Fitting a convolution or encoder block on the engine
A vision or encoder block stays on the engine when its layers take the Winograd path, its working set fits on chip, and the whole graph compiles as one program. The procedure of listing 13.3 builds the convolution stack as one graph, then locates it against the roofline before any device is available.
# Fit a convolution or encoder block on the engine as one fused program.
# Each stage is convolution, then normalization, then activation.
build graph G:
input x : [1, 256, 28, 28] fp16
# Stage 1: keep the convolution 3x3 stride-1 so it takes the Winograd path.
h = conv(x, weights = w1, kernel = [3, 3], stride = 1)
h = normalize(h) # batch or layer norm, folded into the conv output
h = activation(h) # e.g. relu or gelu, on the same output pass
# Stage 2: another 3x3 stride-1 stage, same fused shape.
h = conv(h, weights = w2, kernel = [3, 3], stride = 1)
h = normalize(h)
h = activation(h)
output h
# 1. Check the working set stays on chip before committing to the engine.
working_set = max over stages of resident_bytes(stage) # in MB
if working_set > 2.0:
# Too large: it would tile and stream from DRAM. Shrink the operand
# (fewer channels or smaller tile) and re-check before any other tuning.

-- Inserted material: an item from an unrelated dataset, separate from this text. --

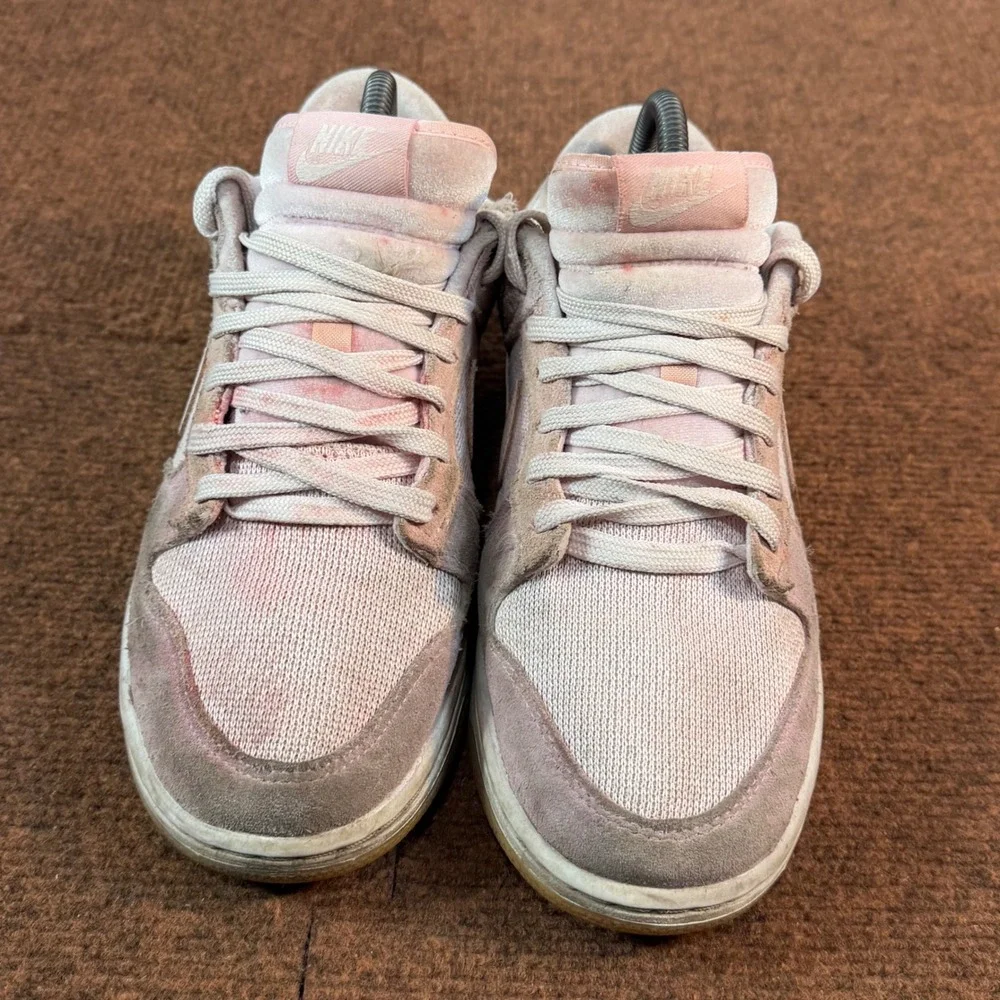 Nike dunk low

reshape operands until working_set <= 2.0
# 2. Fuse the whole block into ONE program so the per-call floor is paid once.
program = fuse_and_compile(G, target = H13) # one dispatch, the 0.23 ms floor paid a single time
# 3. Run the fused program on an input image.
output = run(program, x = image)
# Note: input preprocessing can join the same graph only on A14 and later,
# where the texture engine is present.
return output
Listing 13.3. Fitting a convolution or encoder block on the engine as one fused program.

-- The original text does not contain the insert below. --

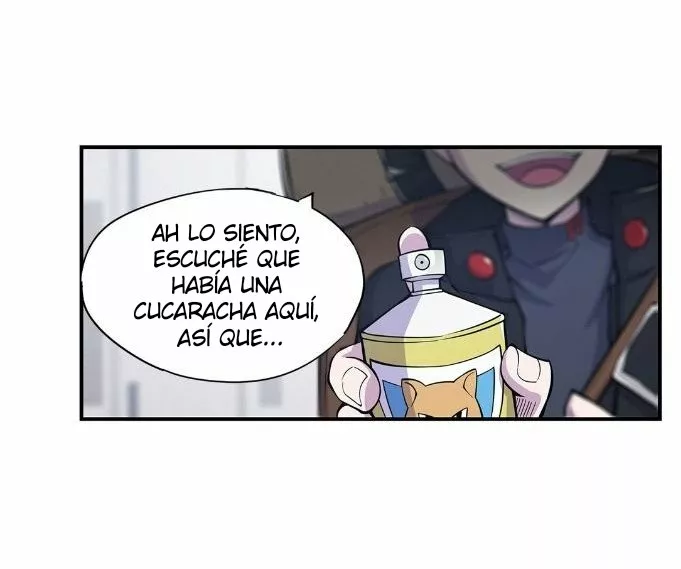 The Blood Princess And The Knight Capítulo 18 - Page 20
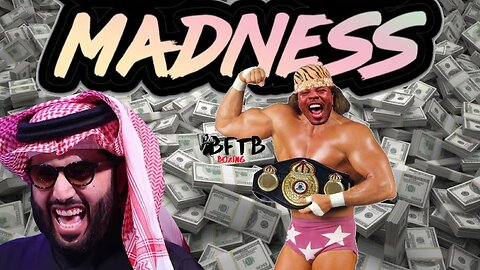 TANK FANS PANICKING 😳🚨 “WHERE’S TURKI’S MONEY?!” = CODE FOR TANK DUCKING!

Reference: convolution and encoder economics on the M1
Table 13.5 collects the M1 convolution and encoder constants this chapter measures, from the GPU speed ratios through the datapath geometry to the batch thresholds.
| Constant | M1/H13 value |
|---|---|
| 3x3 convolution (256 channels) speed versus GPU | 3.8x faster |
| 3x3 convolution (256 channels) efficiency versus GPU | 9x more efficient |
| Convolution-stack speed, 16 deep at 256 channels | 2x faster |
| Convolution-stack efficiency, 16 deep at 256 channels | 14.5x more efficient |
| Matrix-multiply power, engine versus GPU | 4.4 W versus 32.5 W |
| Energy-efficiency range across the workload set | 2x to 14.5x |
| End-to-end convolution ceiling | 1.8 fp16 TFLOP/s at 1.78 W |
| Convolution efficiency under load | 643 GFLOP/s per watt |
| 3x3 256-channel 28 by 28 peak | 0.51 ms at 1823 GFLOP/s |
| Spatial throughput, 3x3 64-channel | 63 GFLOP/s at 16 by 16, 1102 GFLOP/s at 128 by 128 |
| Per-eval dispatch floor | 0.23 ms |
| On-chip working-set threshold | 2 MB |
| NE-core count | 4 |
| Accumulator file per core | 8 work-units |
| Output-channels per cycle, fp16 default / int8 fast path | 4 / 8 |
| Channel-to-core assignment | strided round-robin, channel on core |
| Output-channel-group pass-doubling threshold, 1x1 fp16 | 192 to 256 channels |
| Per-core power step over the dispatch floor | about 10 mW |
| Winograd work threshold, non-float / float / packed | 8 / 16 / 32 |
| Texture-engine interleave factors | 1, 2, 3, 4, 8 |
| Encoder-serving batch threshold | 23 |
| Self-attention-serving batch threshold | 6 |
| Q.4 crop-scale saturation, width axis | 4094, where |
Table 13.5. The M1 convolution and encoder constants for vision and encoder workloads.